Abdominal Roll Ups

Instructions

  1. Lie on your back with both legs straight and together, pointing up toward the ceiling.

  2. Hold a small ball in your hands and press it lightly into your legs.

  3. Begin lifting your head, shoulders, and upper back into a crunch.

  4. As you crunch up, roll the ball up along your legs toward your feet.
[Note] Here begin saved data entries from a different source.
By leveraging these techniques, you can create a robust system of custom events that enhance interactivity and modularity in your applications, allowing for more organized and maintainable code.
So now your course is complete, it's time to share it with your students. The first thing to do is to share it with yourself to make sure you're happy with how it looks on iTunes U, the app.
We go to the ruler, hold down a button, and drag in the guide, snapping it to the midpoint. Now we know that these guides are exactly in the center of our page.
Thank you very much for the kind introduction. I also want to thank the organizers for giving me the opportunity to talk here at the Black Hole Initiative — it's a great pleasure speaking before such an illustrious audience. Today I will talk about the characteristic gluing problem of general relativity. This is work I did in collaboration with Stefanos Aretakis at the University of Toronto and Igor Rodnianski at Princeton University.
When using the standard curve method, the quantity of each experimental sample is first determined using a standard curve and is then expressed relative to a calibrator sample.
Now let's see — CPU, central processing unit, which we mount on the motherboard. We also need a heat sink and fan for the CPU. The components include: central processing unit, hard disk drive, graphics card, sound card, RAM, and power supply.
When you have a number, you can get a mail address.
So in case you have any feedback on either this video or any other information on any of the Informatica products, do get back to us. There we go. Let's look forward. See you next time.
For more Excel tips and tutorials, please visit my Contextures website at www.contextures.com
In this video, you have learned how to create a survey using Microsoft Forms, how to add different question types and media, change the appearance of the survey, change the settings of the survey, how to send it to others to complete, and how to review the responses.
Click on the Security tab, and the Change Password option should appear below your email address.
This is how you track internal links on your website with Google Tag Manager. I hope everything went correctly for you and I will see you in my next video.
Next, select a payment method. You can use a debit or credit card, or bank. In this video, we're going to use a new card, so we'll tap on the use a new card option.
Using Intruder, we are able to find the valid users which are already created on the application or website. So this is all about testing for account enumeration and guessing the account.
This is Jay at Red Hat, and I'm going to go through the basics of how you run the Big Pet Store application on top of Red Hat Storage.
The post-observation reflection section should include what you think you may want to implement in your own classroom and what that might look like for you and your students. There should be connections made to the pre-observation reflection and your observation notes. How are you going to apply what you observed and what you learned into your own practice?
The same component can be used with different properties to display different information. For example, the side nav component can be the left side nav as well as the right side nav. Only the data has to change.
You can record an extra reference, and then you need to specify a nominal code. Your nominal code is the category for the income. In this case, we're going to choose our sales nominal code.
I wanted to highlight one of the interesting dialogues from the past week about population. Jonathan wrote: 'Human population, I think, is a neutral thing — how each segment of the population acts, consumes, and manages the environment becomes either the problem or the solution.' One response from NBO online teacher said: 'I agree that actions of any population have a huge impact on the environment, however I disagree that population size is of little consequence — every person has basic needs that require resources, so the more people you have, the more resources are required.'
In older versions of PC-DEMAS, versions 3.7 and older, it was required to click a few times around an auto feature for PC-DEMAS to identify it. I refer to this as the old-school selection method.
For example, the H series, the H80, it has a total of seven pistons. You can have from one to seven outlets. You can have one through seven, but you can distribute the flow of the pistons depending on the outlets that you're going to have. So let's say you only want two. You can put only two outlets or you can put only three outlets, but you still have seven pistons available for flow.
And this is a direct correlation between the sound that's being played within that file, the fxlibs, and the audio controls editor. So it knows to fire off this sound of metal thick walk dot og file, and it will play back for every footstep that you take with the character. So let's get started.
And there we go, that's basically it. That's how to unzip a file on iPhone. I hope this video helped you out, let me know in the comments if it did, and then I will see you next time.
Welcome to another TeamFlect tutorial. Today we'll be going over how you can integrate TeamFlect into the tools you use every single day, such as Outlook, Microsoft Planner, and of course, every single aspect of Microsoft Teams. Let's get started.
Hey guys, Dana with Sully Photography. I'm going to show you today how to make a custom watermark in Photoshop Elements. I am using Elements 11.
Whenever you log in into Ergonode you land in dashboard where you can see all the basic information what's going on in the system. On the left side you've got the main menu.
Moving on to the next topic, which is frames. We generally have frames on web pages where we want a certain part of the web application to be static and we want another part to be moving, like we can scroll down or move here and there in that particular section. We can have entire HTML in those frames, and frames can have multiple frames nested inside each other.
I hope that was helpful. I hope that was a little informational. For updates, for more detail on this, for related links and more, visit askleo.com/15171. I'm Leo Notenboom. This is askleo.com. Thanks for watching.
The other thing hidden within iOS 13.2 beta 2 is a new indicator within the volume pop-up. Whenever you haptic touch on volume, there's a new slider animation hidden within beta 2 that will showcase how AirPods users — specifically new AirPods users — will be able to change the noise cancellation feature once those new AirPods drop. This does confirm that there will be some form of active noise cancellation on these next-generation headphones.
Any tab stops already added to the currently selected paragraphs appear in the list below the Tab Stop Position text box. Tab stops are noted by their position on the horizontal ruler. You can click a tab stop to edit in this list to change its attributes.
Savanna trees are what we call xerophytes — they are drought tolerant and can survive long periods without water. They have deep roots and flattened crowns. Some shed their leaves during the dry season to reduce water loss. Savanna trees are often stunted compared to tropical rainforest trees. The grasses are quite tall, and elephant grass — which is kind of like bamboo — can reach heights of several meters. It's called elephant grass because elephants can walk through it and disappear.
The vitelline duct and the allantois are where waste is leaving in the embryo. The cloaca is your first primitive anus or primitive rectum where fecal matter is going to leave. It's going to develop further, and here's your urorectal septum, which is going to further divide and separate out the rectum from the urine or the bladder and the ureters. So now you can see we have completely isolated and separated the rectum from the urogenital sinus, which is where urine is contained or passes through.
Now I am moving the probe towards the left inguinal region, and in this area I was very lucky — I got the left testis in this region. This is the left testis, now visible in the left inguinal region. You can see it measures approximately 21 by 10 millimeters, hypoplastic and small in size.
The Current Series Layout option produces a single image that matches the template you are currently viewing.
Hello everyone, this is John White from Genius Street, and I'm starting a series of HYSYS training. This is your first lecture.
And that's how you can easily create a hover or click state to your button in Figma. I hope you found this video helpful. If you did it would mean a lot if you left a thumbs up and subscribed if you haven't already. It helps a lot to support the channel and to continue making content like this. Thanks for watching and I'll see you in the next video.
  5. Pause briefly at the top of the crunch.

  6. Slowly lower your upper body back down with control.

  7. Roll the ball back down your legs to the starting position as you return.

Common Compensations

  • Do not pull your head or neck forward as you crunch.

  • Do not let your low back arch excessively off the floor.

  • Do not bend your knees more than the exercise allows.

  • Do not let the legs separate as you move.

  • Do not rush the lift or drop back down without control.

  • Do not press the ball so hard that your neck and shoulders become tense.

Extra Info

  • You should feel this mostly in your abdominals.

  • You may also feel your hip flexors and quads working to keep the legs straight and lifted.

  • The ball gives you a target and helps guide the crunch up the legs.

  • A smaller crunch is completely okay if you can keep better control through your core and neck.

  • You should not feel sharp pain in your low back, neck, or hips.